My thirties were a blur. Kids, diapers, pre-school, elementary school, gaining weight, losing weight, trying to find myself. I remember a few weeks after I had Zach, Greg told me it was time for him to return to work. Wait, what? I have to do this myself? There are people who live for this day. I had a nervous breakdown. My freedom was gone. My favorite time of the day was the 10 minutes of peace in the shower when Zach was napping. I wanted to run. But the thought of returning to the city 7am-8pm wasn’t working either. Slowly I started to transition into my new life but I constantly struggled with my identity. As much as I knew my kids would love me to be the PTA mom, the mom who volunteers for lunch duty, library, and the bake sale, I couldn’t bring myself to be her. But who was I? The mom of two boys? The wife? The girl who made the monogrammed tote bags? My biggest accomplishment at 36 was opening a cupcake business and getting thrown off Cupcake Wars by round 2 for almost burning down the kitchen.
And so began the countdown to 40. I bagged the cupcake biz and started an online diary (aka Lulu and Lattes). After 38 years, I let down my guard and began what will forever be my imprint on this planet. People warned me. Even my nearest and dearest. They told me “Once you put yourself out there, every single thing you say will forever be ridiculed, scrutinized and judged. ” But at almost 40 I was willing to take that risk. The first year was the hardest. I made several mistakes. But I grew a new skin and shed the old one. I lost friends and I gained new ones. My husband gave me the wings to fly while people sat in bewilderment at his acceptance. In doing so, I began to develop a true sense of myself. I gained confidence. I learned it was okay to say no. I learned it was okay to fall down even if it meant getting up was the hardest thing I could do and I learned to stop sweating the small stuff. After losing my father-in-law and my aunt to cancer several months apart, life took on a whole new meaning. The suburban keeping up with the Jones seemed to matter less. What came into focus for me was quality. I figured out the quality of the time I spent with my family and the quality of my friends mattered most. Quantity was for my thirties. Having more didn’t make things better, having better made things better.

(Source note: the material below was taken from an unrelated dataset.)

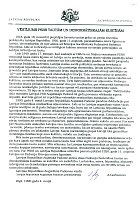 Uzspiest lai palielinātu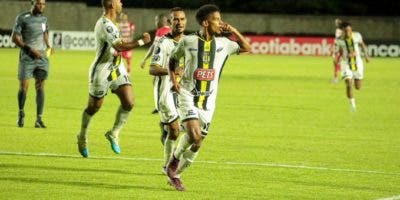 Moca FC vence a Pantoja y avanza a su primera final LDF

As I turn 40 today I realize there is no age I would rather be. I can work out four hundred times a day and try every anti-aging product from Japan to France but I will never be twenty again. I may have a few more dimples and some new wrinkles but I like me way better now at 40 than at 20. Sometimes it feels like I have climbed mountains to get here and I wouldn’t trade one moment for all that I have. I am not the girl Greg married at 28 but knowing he still loves me (maybe more), watching our beautiful kids grow, and appreciating the fact that life can change in a heartbeat has made it okay if this is 40. Sometimes the greenest grass is the blades growing under our feet. So at 40 while I may be half way through my life, I have only just begun. As I turn the page and open the door, I can walk through with a new sense of confidence, a clearer head on my shoulders, and the knowledge that 40 is not so bad after all.